Crannog, Derryoughter, Co. Leitrim
Co. Leitrim |
Settlement Sites
In the reeds fringing the southern shore of Drumgilra Lough, also known as Gortinty Lough, a small oval island sits almost indistinguishable from its surroundings.
It is roughly fourteen and a half metres at its longest, barely a metre above the waterline, and overgrown enough that it barely registers as artificial. But the timber piles visible at its north-western edge suggest otherwise. This is a crannog, a type of artificial or partially artificial island that was constructed in lakes across Ireland and Scotland from the Bronze Age onwards, often serving as a defensible homestead for a family or local lord. The silt connecting it to the southern shore may be natural accumulation, or it may be the remnant of a causeway.

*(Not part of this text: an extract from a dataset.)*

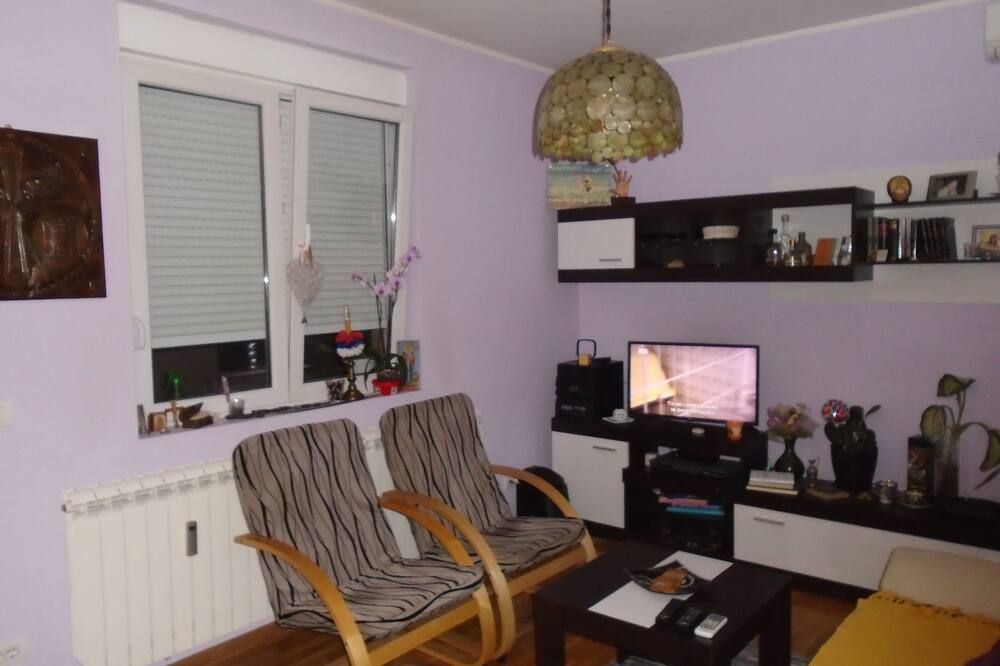 De Luxe Double room A/C with huge terrace - בלגרד - סלון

The lake itself is a subrectangular body of water, running roughly eight hundred to nine hundred metres on its north-east to south-west axis, widening toward the north-east end. The crannog sits within a small bay of around one hundred to one hundred and twenty-five metres in diameter, sheltered by reeds, which would have offered both concealment and a degree of natural protection. A small island at what appears to be this location was recorded on the 1945 edition of the Ordnance Survey six-inch map, meaning the feature was visible and mapped within living memory, though its archaeological character was documented later by Michael J. Moore in the Archaeological Inventory of County Leitrim, published in 2003. The timber piles at the north-western margin are the clearest surviving trace of human construction, the kind of structural remnant that, in waterlogged conditions, can sometimes survive for centuries or even millennia.